[What the task asks]
Nothing but the pictures may be dropped; the rest of the listing is to be written out exactly.

[Dataset extract]
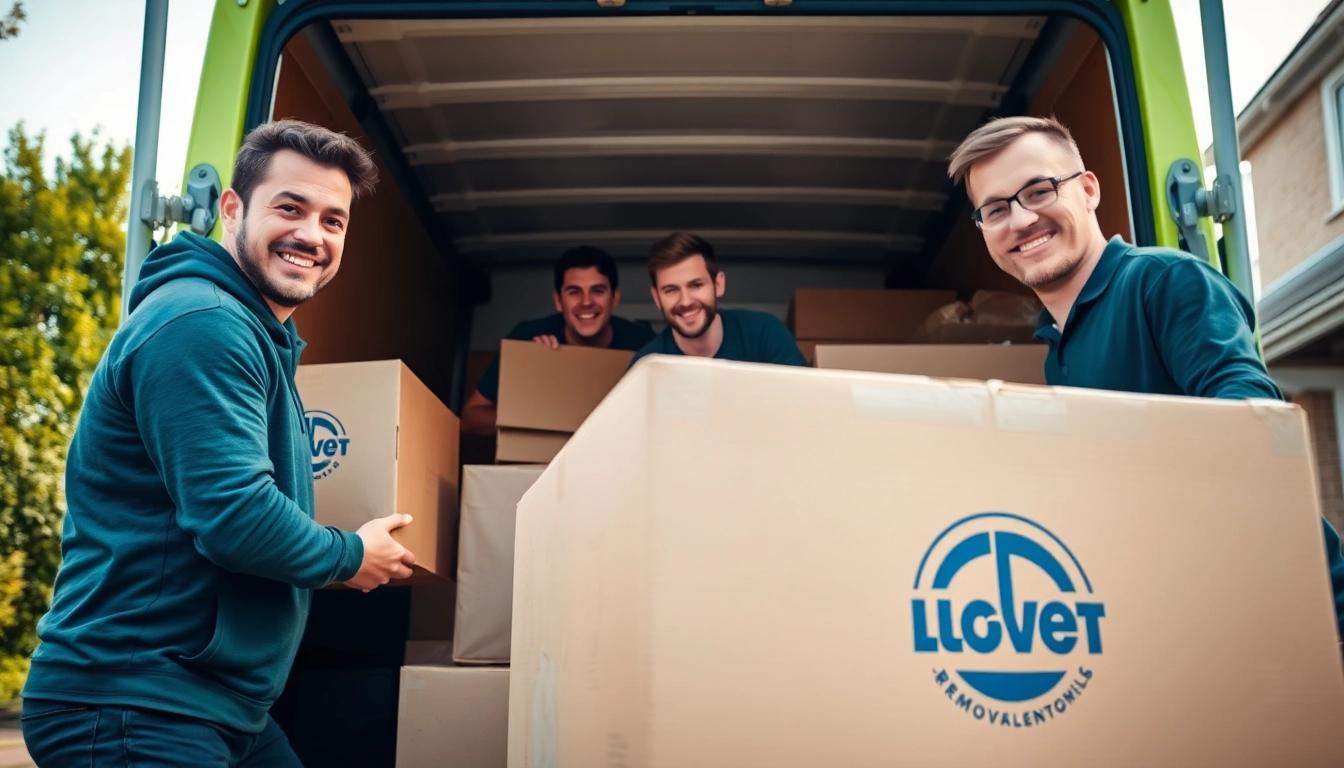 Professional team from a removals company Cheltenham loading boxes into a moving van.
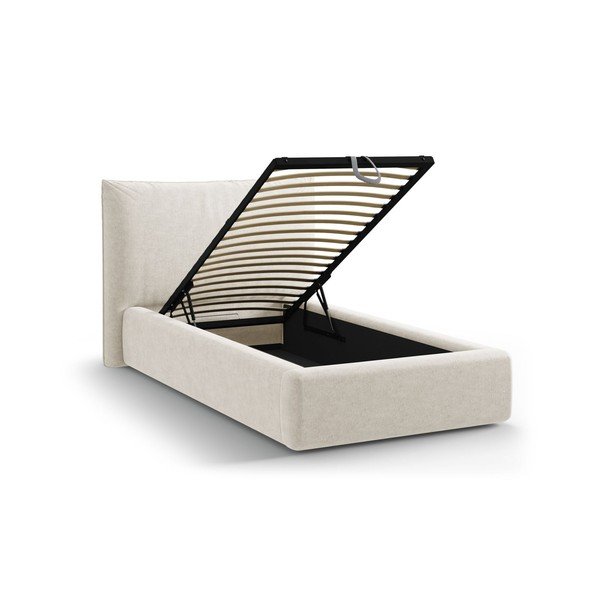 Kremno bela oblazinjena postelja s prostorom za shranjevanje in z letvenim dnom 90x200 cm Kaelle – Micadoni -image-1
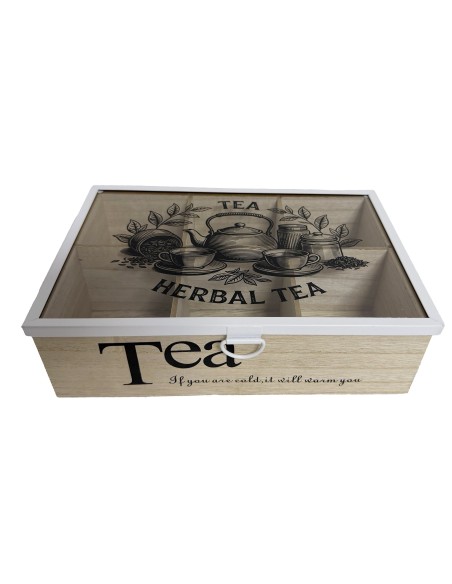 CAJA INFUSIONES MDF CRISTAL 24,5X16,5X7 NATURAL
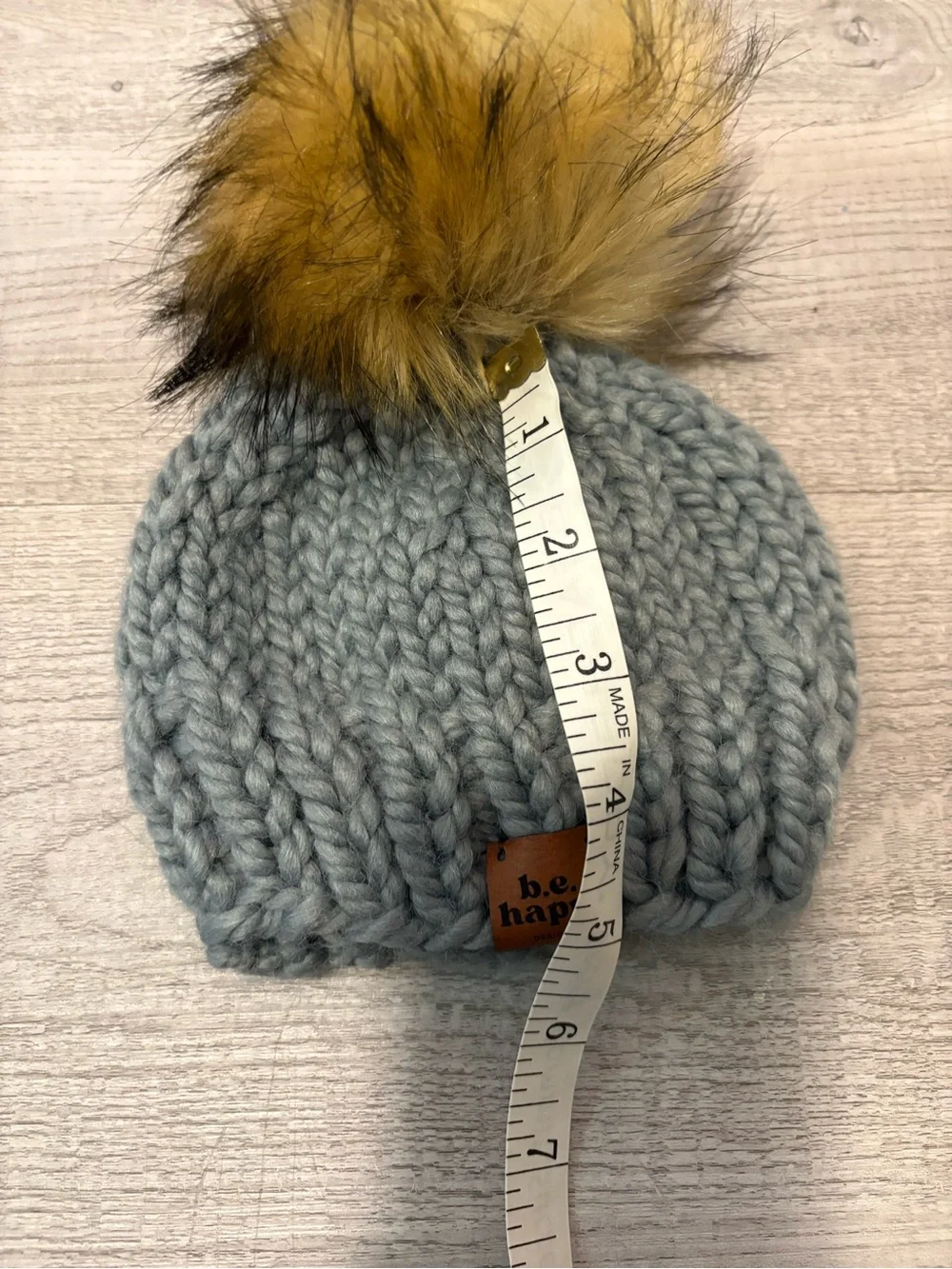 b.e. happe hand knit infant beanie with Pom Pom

[Response box]
 Professional team from a removals company Cheltenham loading boxes into a moving van.
 Kremno bela oblazinjena postelja s prostorom za shranjevanje in z letvenim dnom 90x200 cm Kaelle – Micadoni -image-1
 CAJA INFUSIONES MDF CRISTAL 24,5X16,5X7 NATURAL
 b.e. happe hand knit infant beanie with Pom Pom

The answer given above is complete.